When the President returned from his preparedness tour, he found himself at the centre of conflicting views as to method; on the one hand, Representative Hay of the Military Affairs Committee, advocated the use of the National Guard as the new army; on the other hand, Secretary Garrison advocated an increase of the Regular Army to 142,000 men and a new "continental army" of 400,000 men, with reserves of state militia. It was the recurrent conflict between the Army and Congress, between the military department's desire for a strong force and Congress' fear of "militarism." The Garrison plan met with decided opposition in the House, and upon the President's refusal to lend support to his Secretary of War in the programme he had outlined in his report of 1915, Mr. Garrison resigned. Immediately all the enemies of the President centred about the retiring Secretary and proclaimed him a very much abused official. The letter which the President addressed to Secretary Garrison is as follows:
THE WHITE HOUSE, WASHINGTON
January 17, 1916.
MY DEAR MR. SECRETARY:
I am very much obliged to you for your letters of January twelfth and January fourteenth. They make your views with regard to adequate measures of preparation for national defence sharply clear. I am sure that I already understood just what your views were, but I am glad to have them restated in this succinct and striking way.
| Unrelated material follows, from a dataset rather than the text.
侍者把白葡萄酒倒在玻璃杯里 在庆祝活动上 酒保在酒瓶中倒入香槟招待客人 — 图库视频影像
You believe, as I do, that the chief thing necessary is, that we should have a trained citizen reserve and that the training, organization and control of that reserve should be under immediate federal direction.
But apparently I have not succeeded in making my own position equally clear to you, though I feel sure that I have made it perfectly clear to Mr. Hay. It is that I am not irrevocably or dogmatically committed to any one plan of providing the nation with such a reserve and am cordially willing to discuss alternative proposals.
Any other position on my part would indicate an attitude towards the Committee on Military Affairs of the House of Representatives which I should in no circumstances feel at liberty to assume. It would never be proper or possible for me to say to any committee of the House of Representatives that so far as my participation in legislation was concerned they would have to take my plan or none.